• Problem to work on
Transcribe word for word the section of the records below that opens with the line containing "Hey guys, Tink" and closes with the line containing "And that is"; drop every picture.

• Provided data
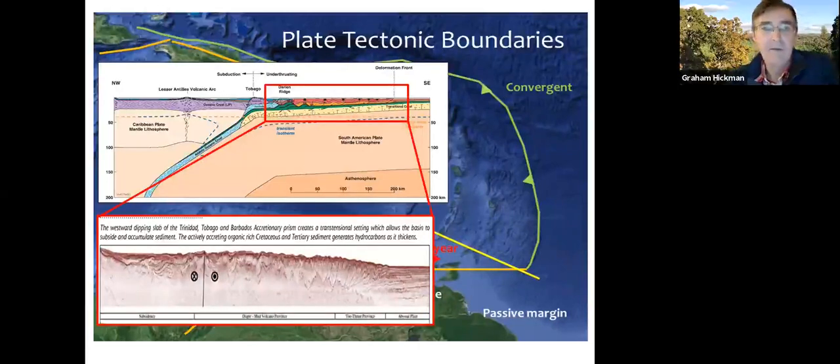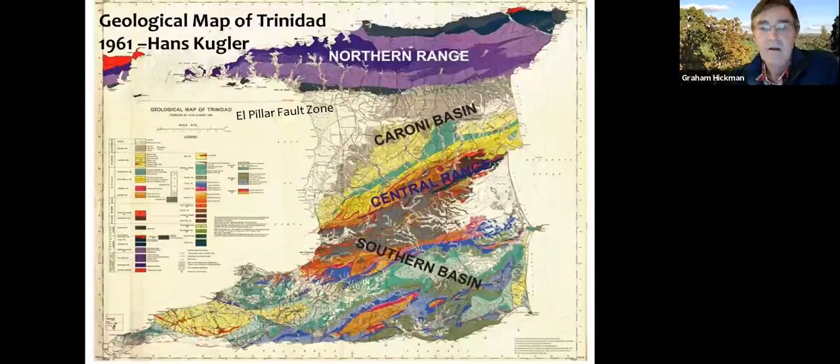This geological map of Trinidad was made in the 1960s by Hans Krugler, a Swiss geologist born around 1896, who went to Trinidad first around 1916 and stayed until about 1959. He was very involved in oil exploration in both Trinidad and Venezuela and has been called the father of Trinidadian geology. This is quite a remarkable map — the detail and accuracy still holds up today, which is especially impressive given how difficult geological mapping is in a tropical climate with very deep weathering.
--
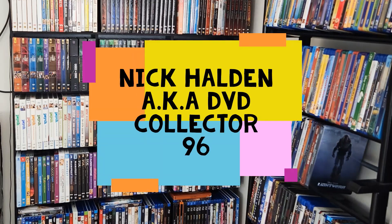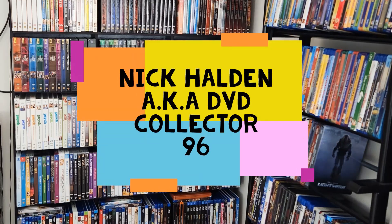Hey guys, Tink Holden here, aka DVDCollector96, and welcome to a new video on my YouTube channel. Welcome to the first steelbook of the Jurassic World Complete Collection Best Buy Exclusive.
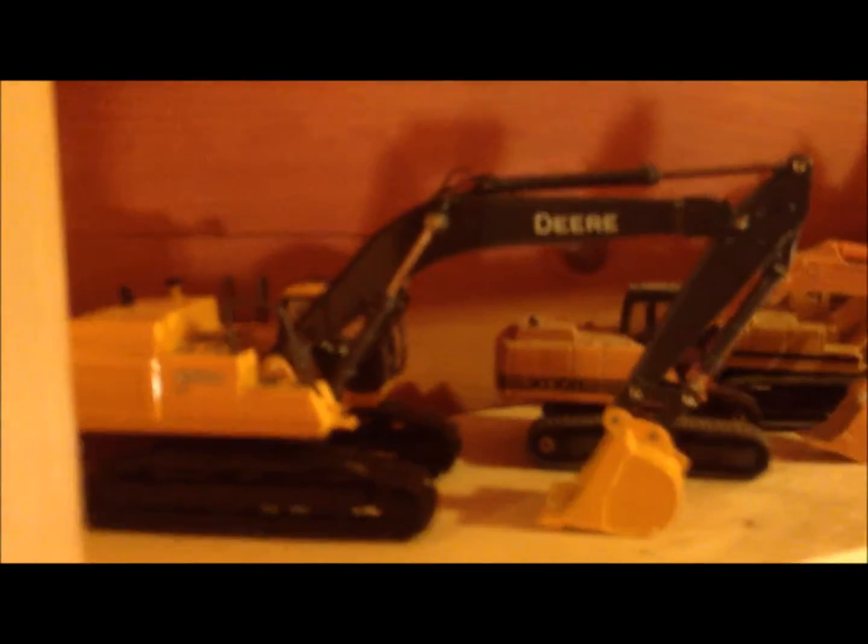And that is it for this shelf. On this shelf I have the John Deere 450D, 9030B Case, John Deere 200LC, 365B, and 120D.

• Written response
Hey guys, Tink Holden here, aka DVDCollector96, and welcome to a new video on my YouTube channel. Welcome to the first steelbook of the Jurassic World Complete Collection Best Buy Exclusive.
And that is it for this shelf. On this shelf I have the John Deere 450D, 9030B Case, John Deere 200LC, 365B, and 120D.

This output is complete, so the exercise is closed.